I figured that streetview for the Nashville neighborhood would be outdated at this point given the rapid pace of development in the city, but it still serves to point out how ridiculous the assertion I responded to was.
Tentative Vermont answer: Burlington/Rutland. Progressive college town (of a "public Ivy"), home to Bernie Sanders and Phish, vs. a city with only 31% bachelor's degree holders and not even a community college within the county's boundaries. Major Rutland employers include GE Aircraft Engines and Killington Pico Ski Resort Partners, so pretty blue-collar.
In my opinion, Miami and Jacksonville are the most opposites of 2 big cities within one state. Population density. Demographics. Economics. Tourism. I could go on. They are wildly different for being 2 large cities in the same state.
As someone who lived in the Jacksonville area and visited Miami plenty of times, I can concur. JAX is more culturally Southern and has been labeled "Georgia South" and not the "real Florida". Meanwhile there's nothing Southern about Miami. They do feel like two different worlds despite being only 300 miles apart.
As someone who lived in the Jacksonville area and visited Miami plenty of times, I can concur. JAX is more culturally Southern and has been labeled "Georgia South" and not the "real Florida". Meanwhile there's nothing Southern about Miami. They do feel like two different worlds despite being only 300 miles apart.
Agree with the sentiment, but 300 miles (more 340) is pretty far apart. It's further than Montgomery is to Nashville (or the longer San Antonio to Dallas).
It's crazy Nashville and Memphis used to be talked about in the same tiers 15-20 years ago. Now Nashville is on its way to Atlanta status.
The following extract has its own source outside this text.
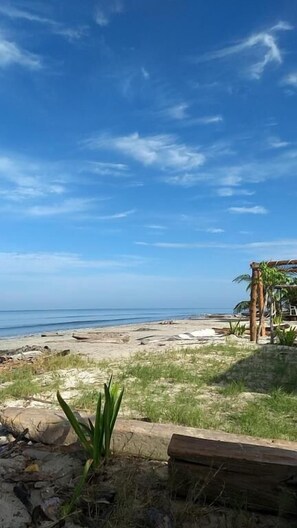 En la playa y bar en la playa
Massive corporate relocation magnet and is a big professional sport league magnet. Kind of crazy a metro of only 2 million has NFL, NHL, MLS, and is the #1 pick for MLB expansion next year. Literally the only major sport nashville is missing is NBA, and with how Memphis is declining, I wouldn't be surprised if they moved to Nashville, making Nashville have all 5 major sports.
Nashville's worst areas looks like Memphis' bests.
Kind of a wild take lol. If Nashville's worst areas look like this, sign me up.
I'd say Huntsville and any of the other three, especially Mobile or Montgomery.
I'd say Huntsville and Birmingham are of one thing, Mobile and Montgomery are of another.